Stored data
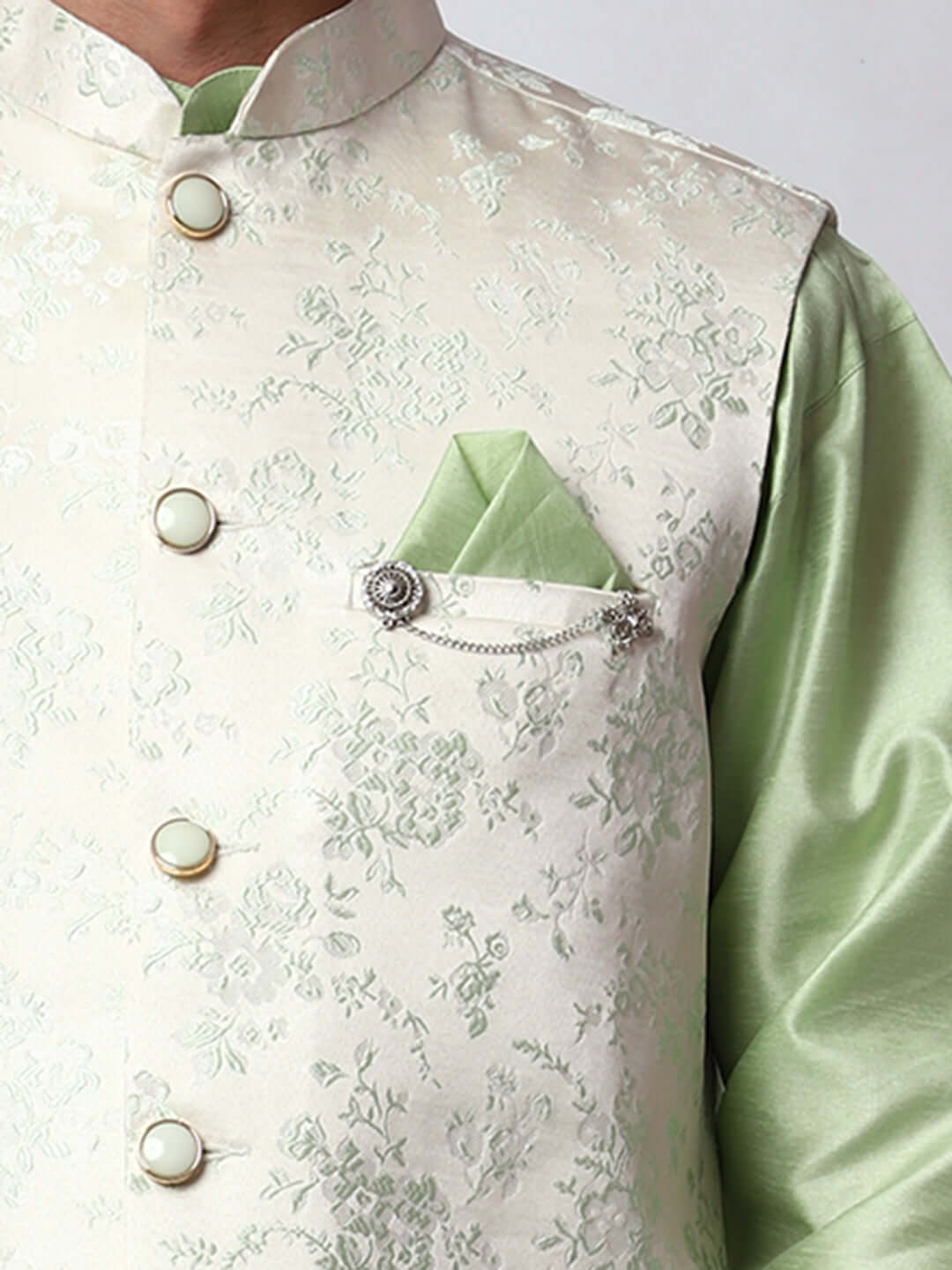 Pista Green kurta with white nehru jacket for men which is made up of jacquard and has floral embroidery on it. Shop this pista green designer wedding kurta jacket set for male from Crease India website.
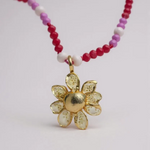 Daisy necklace in gold-plated bronze with hand-painted pendant and pink and fuchsia crystals, on white background.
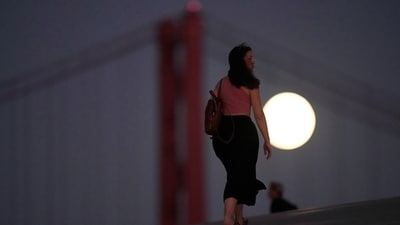 People walk on the roof of the Museum of Art, Architecture and Technology in Lisbon, as a full supermoon rises in the background, Thursday, Sept. 28, 2023. (AP Photo/Armando Franca) (AP)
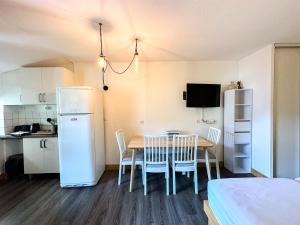 a kitchen and a table with chairs and a refrigerator at 2- Studio Brides-les-bains tout confort avec vue Vanoise in Brides-les-Bains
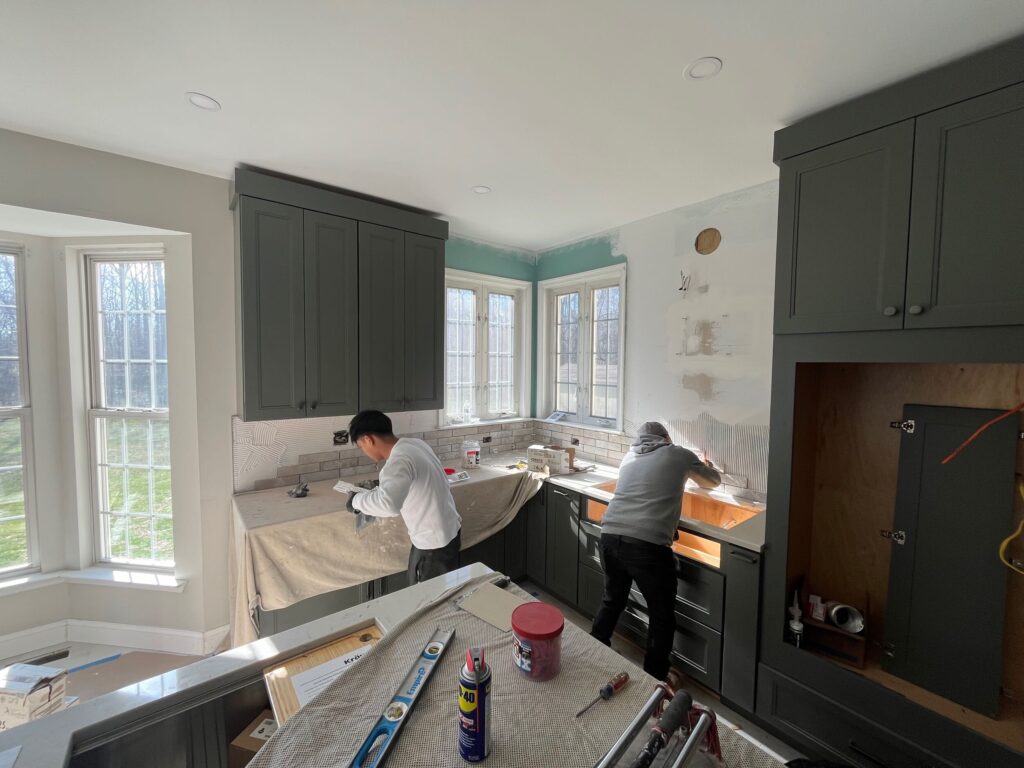 Photo-8 Two people are working on a kitchen renovation, painting and sanding near cabinets and a window. Tools, paint cans, and drop cloths are spread across the counters, and sunlight streams in through large windows.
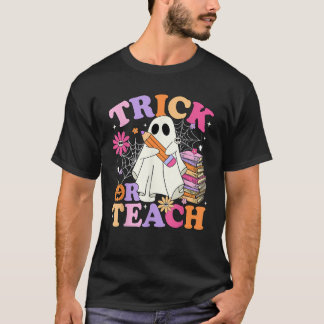 トリックまたは教えパンプキン幽霊の本読のハロウィー Tシャツ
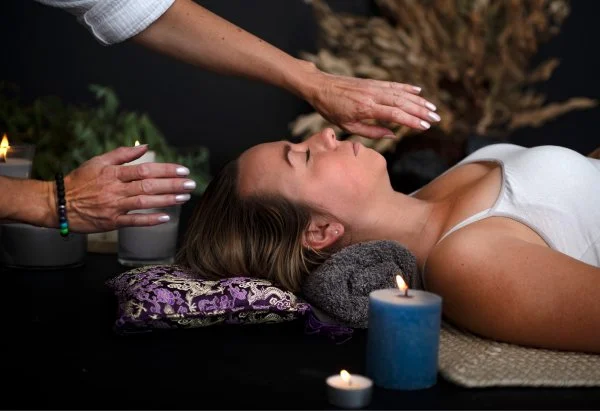A dimly lit room decorated with Halloween decorations including hanging paper skulls and banners, with yellow string lights creating streaks of light. Two women are on a bed, one lying down and the other sitting beside her, in a cozy, decorated space.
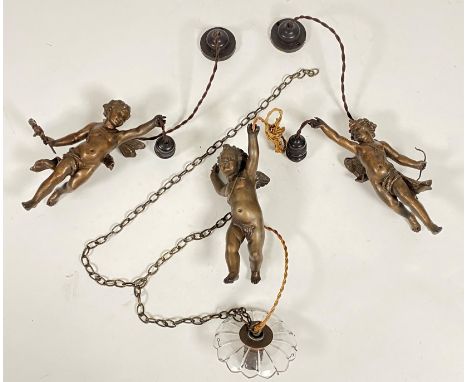 A set of three patinated metal figural hanging lights, early 20th century, each modelled as a putto with upstretched arm susp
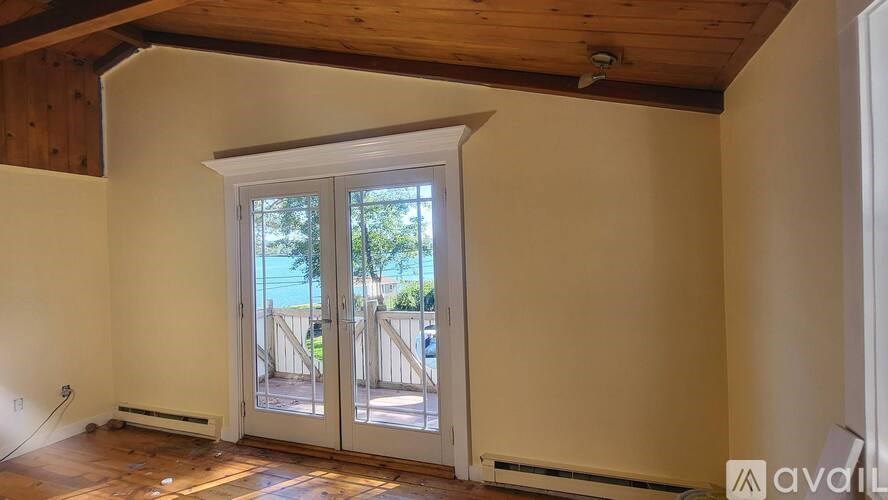 A room with a window and a wooden ceiling.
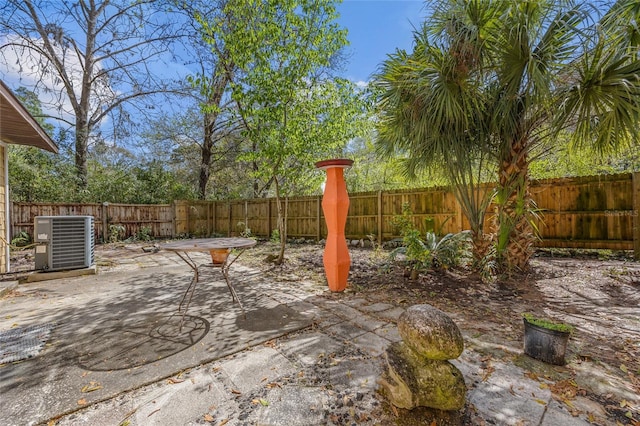 view of patio with cooling unit and a fenced backyard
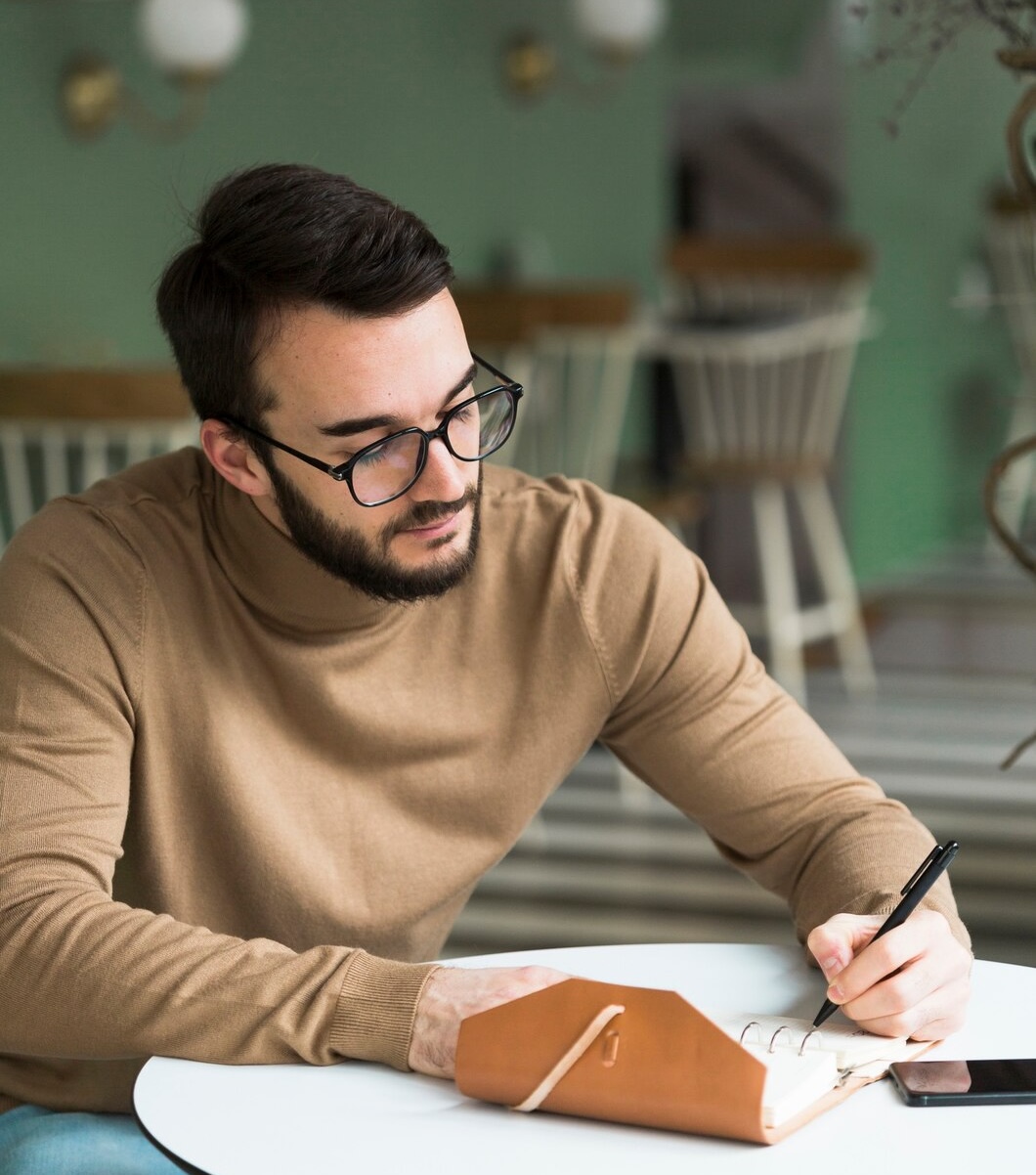 Homme concentré en train d’écrire dans un carnet, illustrant un bilan neuropsychologique avec le D2R (Test d’attention concentrée révisé, 2014, R. Brickenkamp) réalisé par Florence Ronco, neuropsychologue à Paris 5.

- Assignment
Set down every entry above exactly as written. Leave out all pictures.

- Task answer
 Pista Green kurta with white nehru jacket for men which is made up of jacquard and has floral embroidery on it. Shop this pista green designer wedding kurta jacket set for male from Crease India website.
 Daisy necklace in gold-plated bronze with hand-painted pendant and pink and fuchsia crystals, on white background.
 People walk on the roof of the Museum of Art, Architecture and Technology in Lisbon, as a full supermoon rises in the background, Thursday, Sept. 28, 2023. (AP Photo/Armando Franca) (AP)
 a kitchen and a table with chairs and a refrigerator at 2- Studio Brides-les-bains tout confort avec vue Vanoise in Brides-les-Bains
 Photo-8 Two people are working on a kitchen renovation, painting and sanding near cabinets and a window. Tools, paint cans, and drop cloths are spread across the counters, and sunlight streams in through large windows.
 トリックまたは教えパンプキン幽霊の本読のハロウィー Tシャツ
A dimly lit room decorated with Halloween decorations including hanging paper skulls and banners, with yellow string lights creating streaks of light. Two women are on a bed, one lying down and the other sitting beside her, in a cozy, decorated space.
 A set of three patinated metal figural hanging lights, early 20th century, each modelled as a putto with upstretched arm susp
 A room with a window and a wooden ceiling.
 view of patio with cooling unit and a fenced backyard
 Homme concentré en train d’écrire dans un carnet, illustrant un bilan neuropsychologique avec le D2R (Test d’attention concentrée révisé, 2014, R. Brickenkamp) réalisé par Florence Ronco, neuropsychologue à Paris 5.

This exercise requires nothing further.